(Records from a collection)

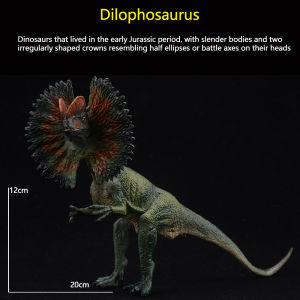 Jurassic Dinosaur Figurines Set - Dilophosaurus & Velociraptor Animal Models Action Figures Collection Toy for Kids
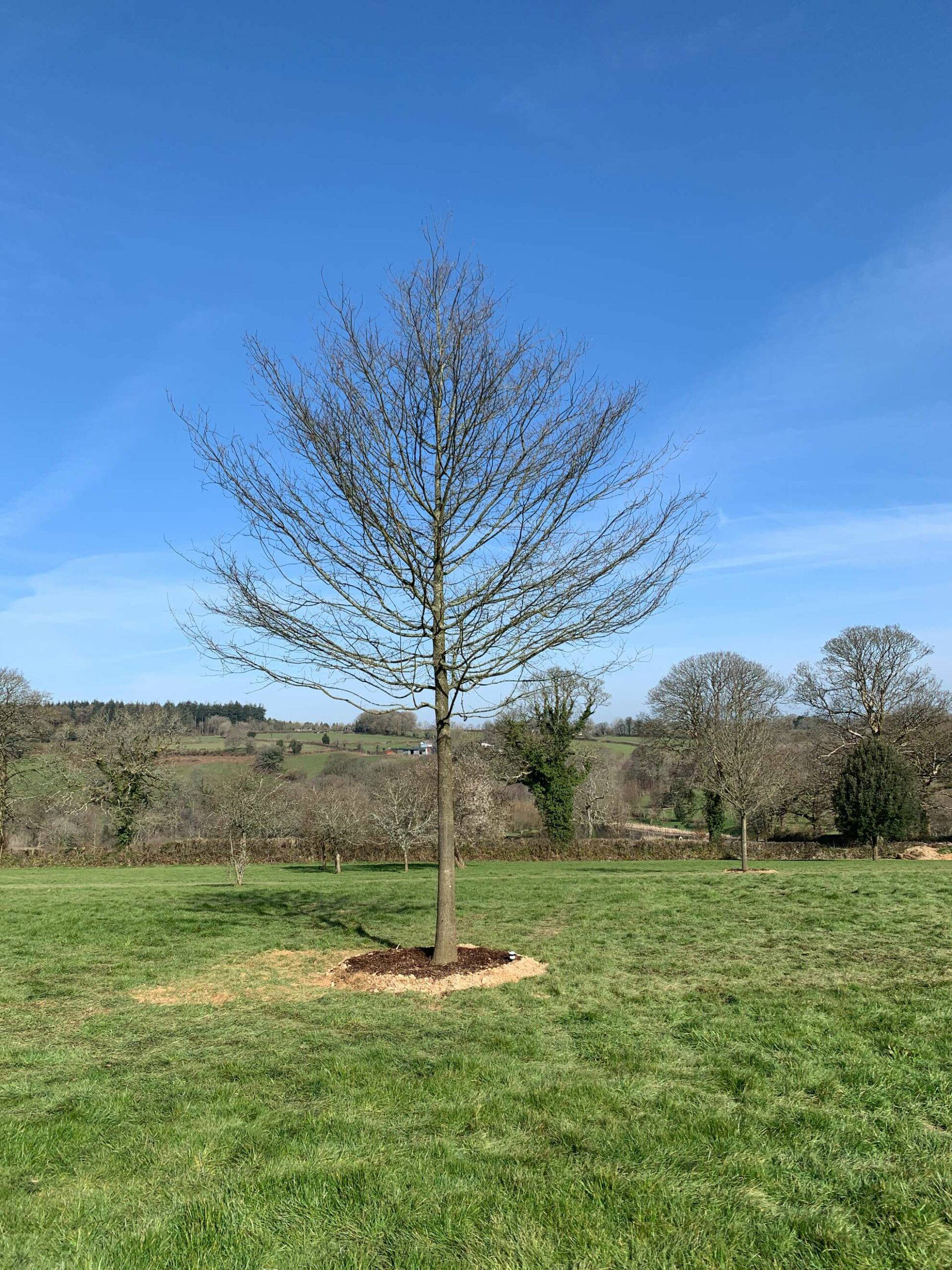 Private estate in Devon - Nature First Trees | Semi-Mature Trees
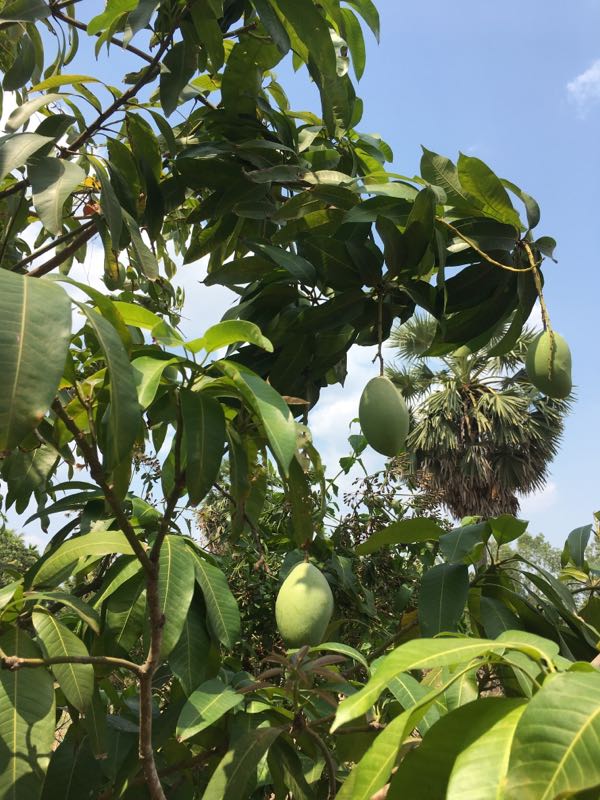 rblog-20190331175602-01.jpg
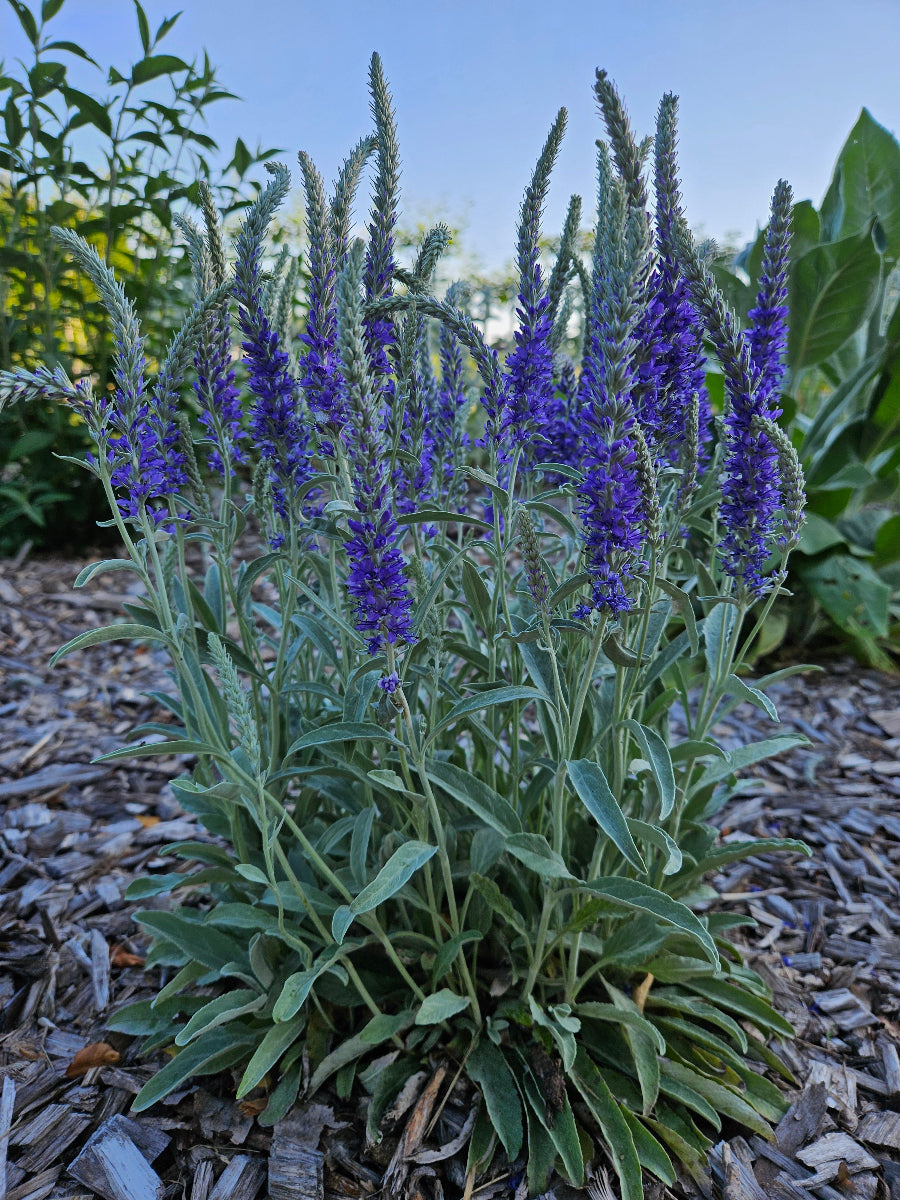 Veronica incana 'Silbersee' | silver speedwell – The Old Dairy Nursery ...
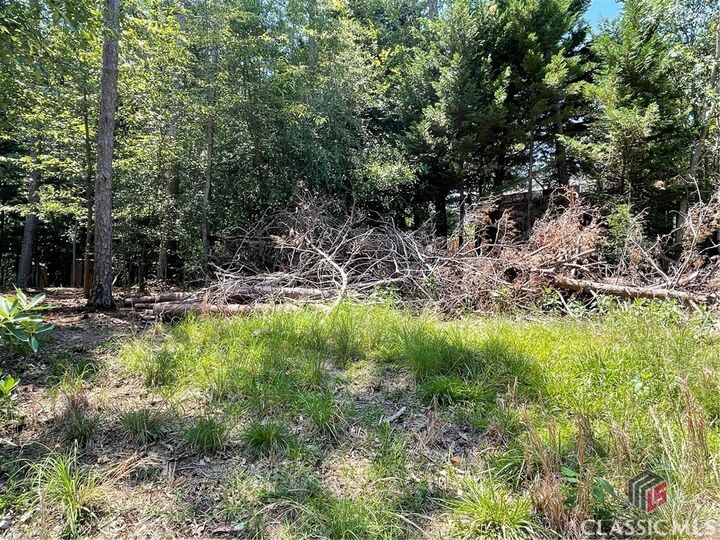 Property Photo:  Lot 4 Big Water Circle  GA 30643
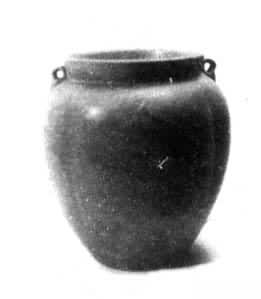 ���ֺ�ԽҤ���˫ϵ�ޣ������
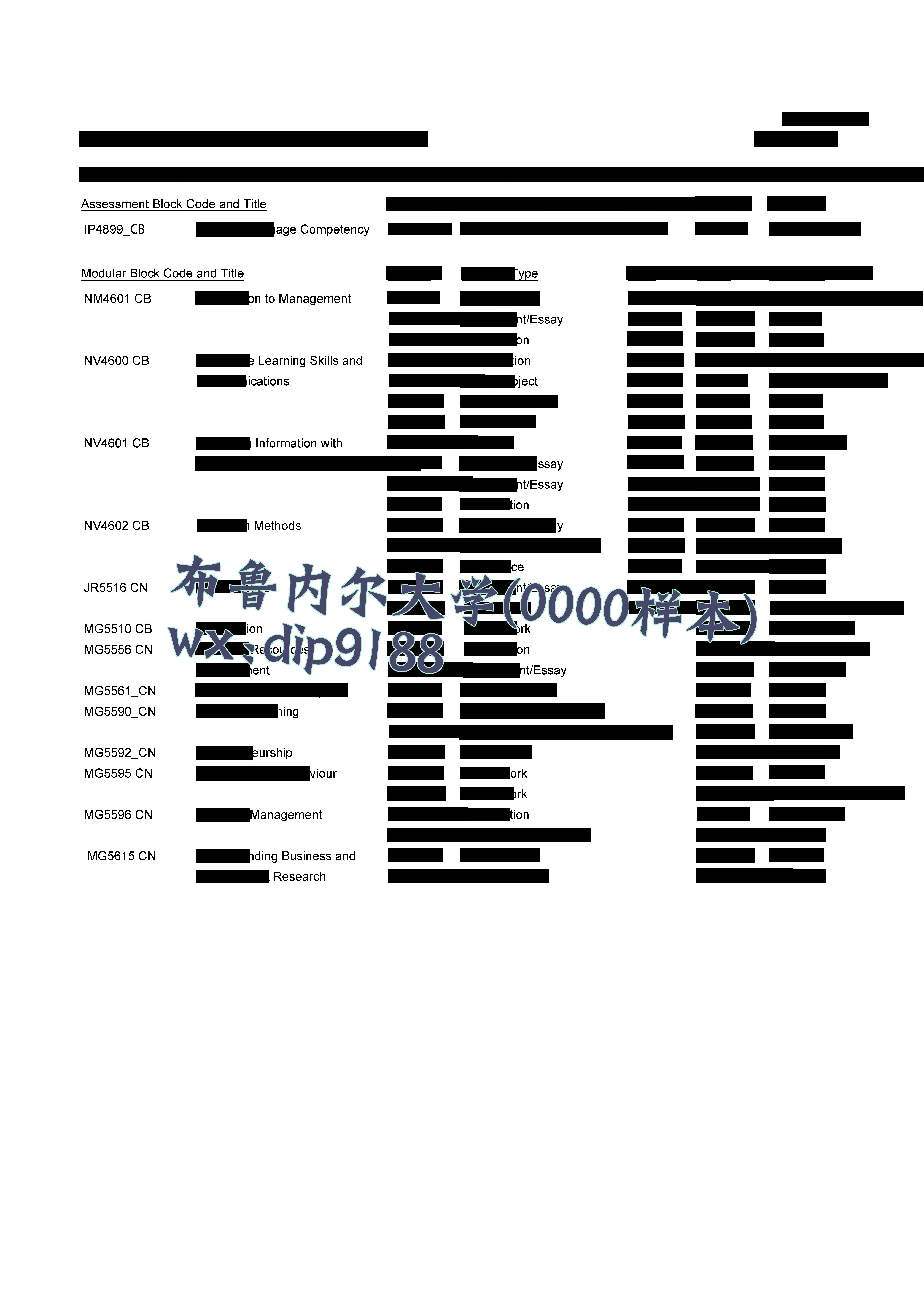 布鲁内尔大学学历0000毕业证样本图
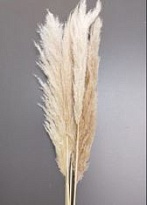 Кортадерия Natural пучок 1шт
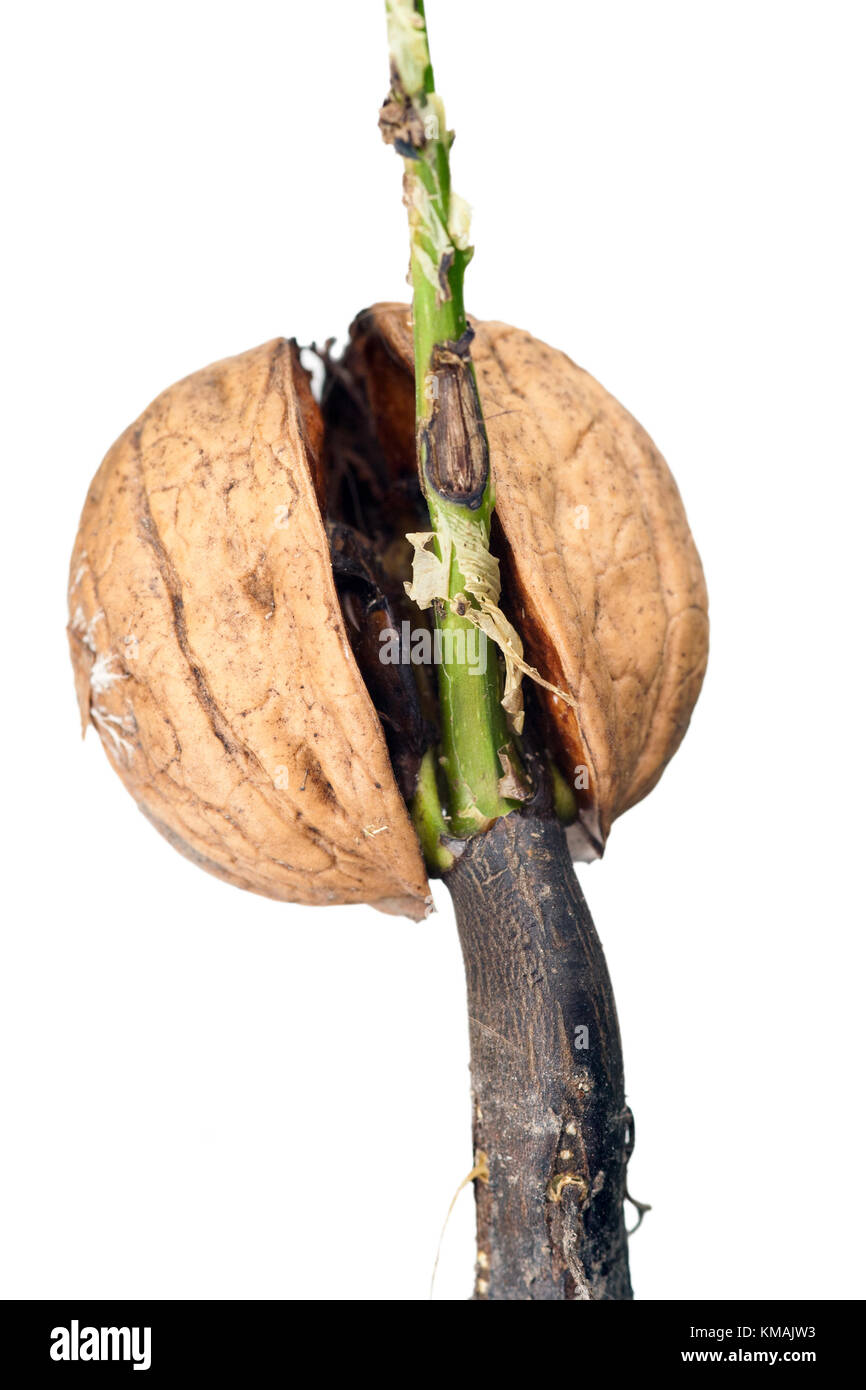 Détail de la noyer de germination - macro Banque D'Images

_EXERCISE AIM:_
Output, exactly and without pictures, the lines above that run from the one containing "布鲁内尔大学学历0000毕业证样本图" through the last line of the entries, inclusive.

_SOLUTION FOR THIS TASK:_
 布鲁内尔大学学历0000毕业证样本图
 Кортадерия Natural пучок 1шт
 Détail de la noyer de germination - macro Banque D'Images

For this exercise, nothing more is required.